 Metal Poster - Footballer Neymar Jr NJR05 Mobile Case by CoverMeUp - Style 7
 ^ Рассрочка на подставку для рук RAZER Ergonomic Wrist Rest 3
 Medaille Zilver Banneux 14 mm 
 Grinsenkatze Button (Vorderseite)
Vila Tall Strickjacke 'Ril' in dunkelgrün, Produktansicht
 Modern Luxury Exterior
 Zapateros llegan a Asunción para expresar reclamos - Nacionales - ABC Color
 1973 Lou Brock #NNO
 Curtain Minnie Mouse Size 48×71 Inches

...

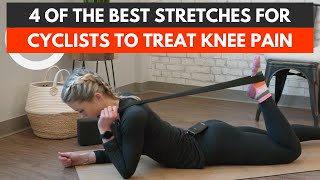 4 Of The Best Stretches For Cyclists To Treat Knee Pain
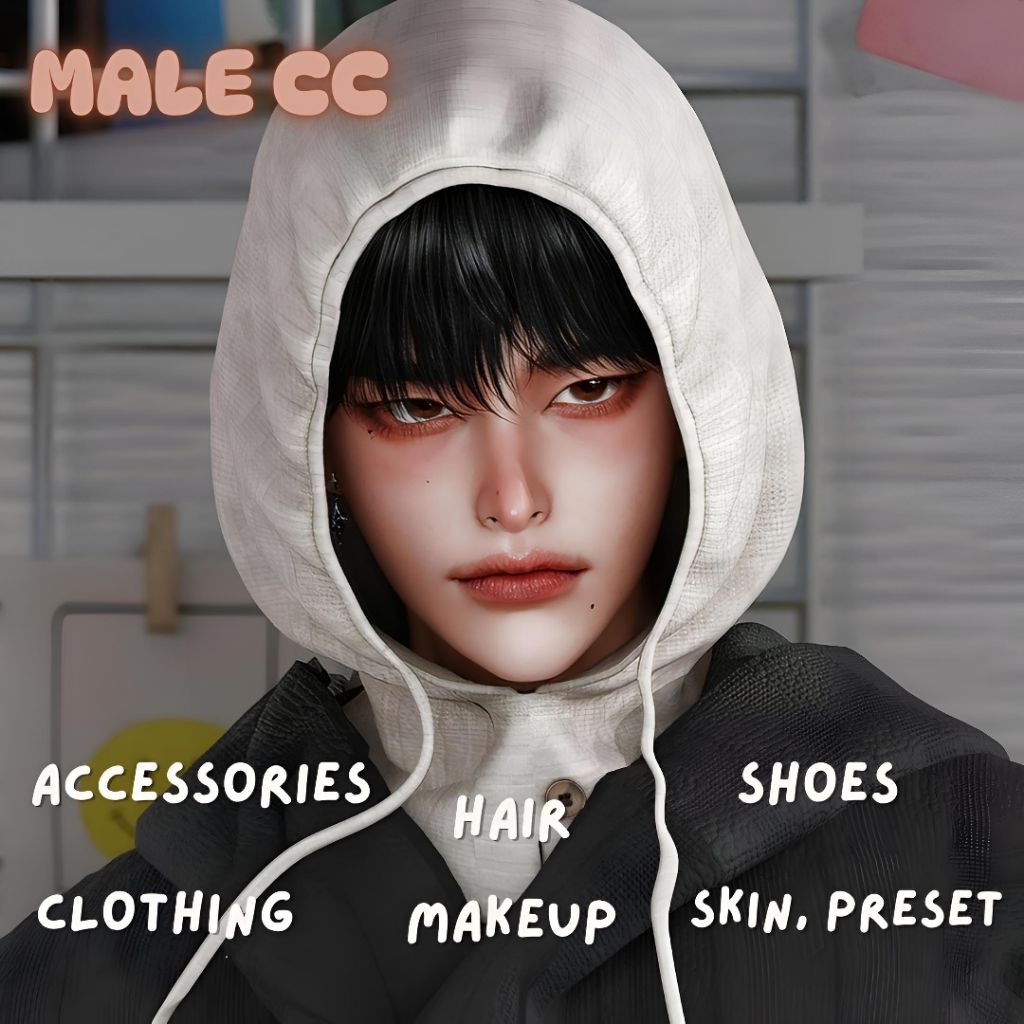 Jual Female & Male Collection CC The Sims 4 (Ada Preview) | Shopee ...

...

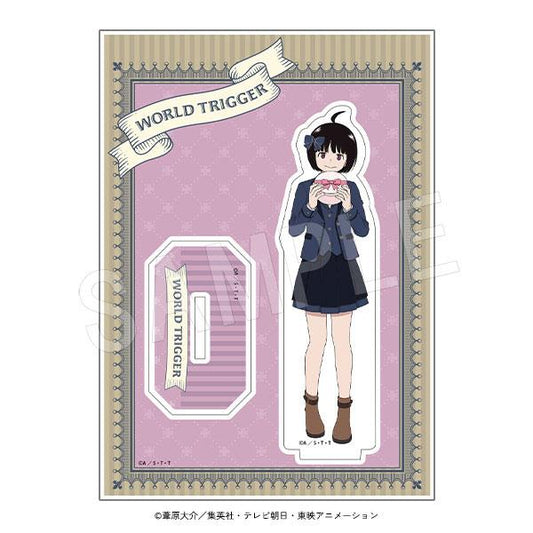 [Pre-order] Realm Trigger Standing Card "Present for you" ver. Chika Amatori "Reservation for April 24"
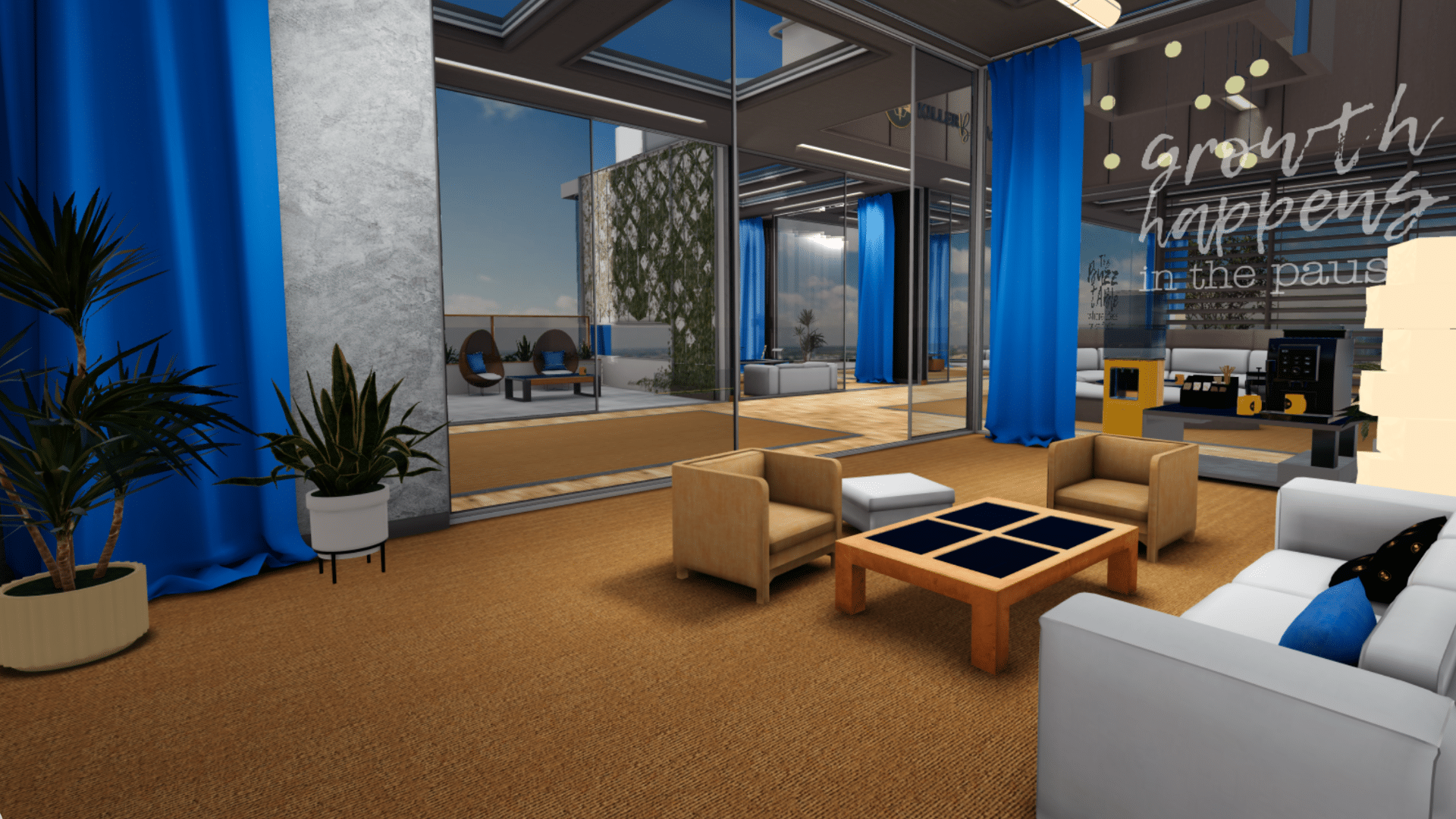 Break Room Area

* WHAT IS REQUIRED
Out of the data above, set down the lines from the one with "Metal Poster - Footballer" to the one with "Curtain Minnie Mouse Size 48×71 Inches", both included, exactly as written and with no additions.

* TASK SOLUTION
 Metal Poster - Footballer Neymar Jr NJR05 Mobile Case by CoverMeUp - Style 7
 ^ Рассрочка на подставку для рук RAZER Ergonomic Wrist Rest 3
 Medaille Zilver Banneux 14 mm 
 Grinsenkatze Button (Vorderseite)
Vila Tall Strickjacke 'Ril' in dunkelgrün, Produktansicht
 Modern Luxury Exterior
 Zapateros llegan a Asunción para expresar reclamos - Nacionales - ABC Color
 1973 Lou Brock #NNO
 Curtain Minnie Mouse Size 48×71 Inches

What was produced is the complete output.